Recommended Laser Training Requirements: The LSO shall insure that all employees assigned to service, maintain, install, adjust, and operate laser equipment be appropriately qualified and trained. The training program should be designed appropriate to the Class of laser radiation accessible during the required task(s) of the personnel. Laser area supervisors shall maintain the names of all persons trained and date of training and inform the LSO of training completions and requirements.
A. Class I Training:
Class I training can be limited, in general, to information contained in the operation/maintenance manuals of the laser Manufacturer. No additional operator training is necessary provided the Class I status is maintained.
B. Class II, Class IIA and Class IIIA Training:
Class II, Class IIA and Class IIIA training can include information contained in the operation/maintenance manuals of the laser Manufacturer and, where appropriate, additional basic safety guide literature of a general topic nature. Short, concise audio-visual programs can also enhance understanding of hazards in some use scenarios especially where Class II, Class IIA or Class IIIA laser systems are subject to frequent operator changes.
C. Class IIIB and Class IV Training:
Class IIIB and Class IV training is recommended for those working with Class IIIB and Class IV lasers, including operators, maintenance personnel, service persons as-well-as those on the technical support staff, technicians, ..etc. The training should provide a complete understanding of the requirements of a safe laser environment and include discussion of the hazards, safety devices required, procedures related to operating the equipment, warning sign requirements and description of medical surveillance practices. Emphasis should be placed on practical, safe laser techniques and procedures as well as safety devices that provide an overall safe environment.
D. Laser Safety Officer Training:
Laser Safety Officer training is required for the facility LSO. This can be a comprehensive multi-day course which covers the all key aspects of laser safety and a indepth review of the appropriate standards, OSHA requirements, and needs for state and local compliance, as appropriate.

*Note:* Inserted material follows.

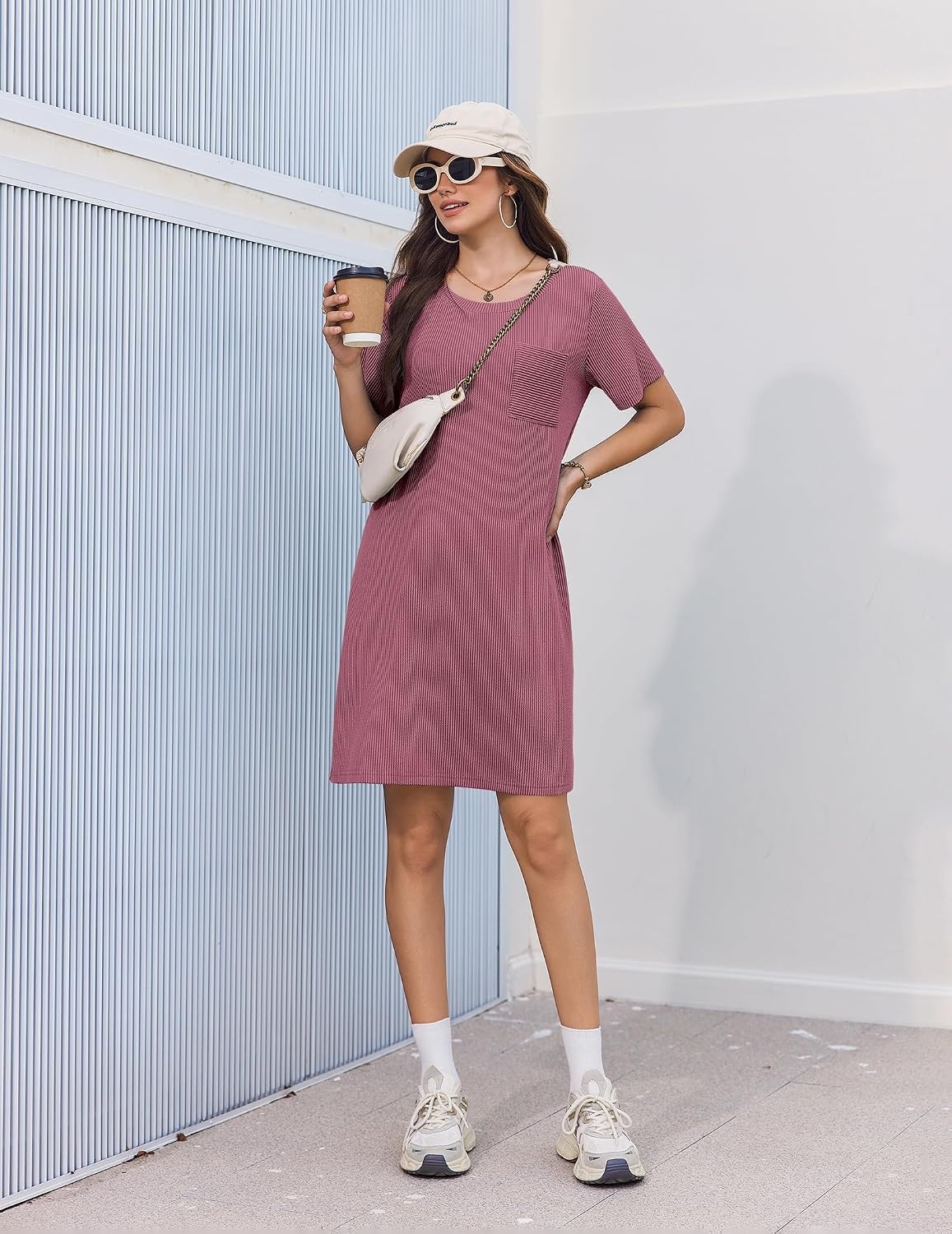 image:imageEkouaer Nightgowns for Women Ribbed Viscose Sleep Shirts Tshirt Sleep Dress Short Sleeve Night Shirt with Chest Pocket S2XLDeep Pink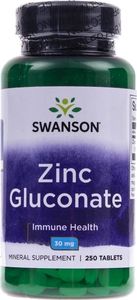 Swanson Swanson Cynk Zinc (Glukonian) 30 mg - 250 tabletek 1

E. Update Training Requirements:
Update training requirements have been shown to be appropriate, especially for research and service personnel where beam alignment is a frequent work requirement. For example, one published account by an individual who lost the sight of one eye when protective eyewear was not used, concluded: “But more important than the actual event is the idea that this incident could have been avoided. Don’t let it happen to you or a co-worker. Take time to assess safety conditions, and do it again in 6 months or a year; additional hazards arise in an ever-changing research environment. Safety deserves your thoughtful considerations, now, before your accident.”
F. Tailored Training Sessions:
There often will be a need to tailor the laser safety training session for each of the different groups that use lasers in the facility. Often the type of laser(s) and locations will impact the content of the training program. For example, the hazards and controls recommended for the far-infrared CO(2) lasers are usually different than those for a near-infrared Nd:YAG laser or a visible Argon Ion laser or an ultraviolet Excimer laser. Where possible, the specific course content should be designed for the lasers and personnel in the environment.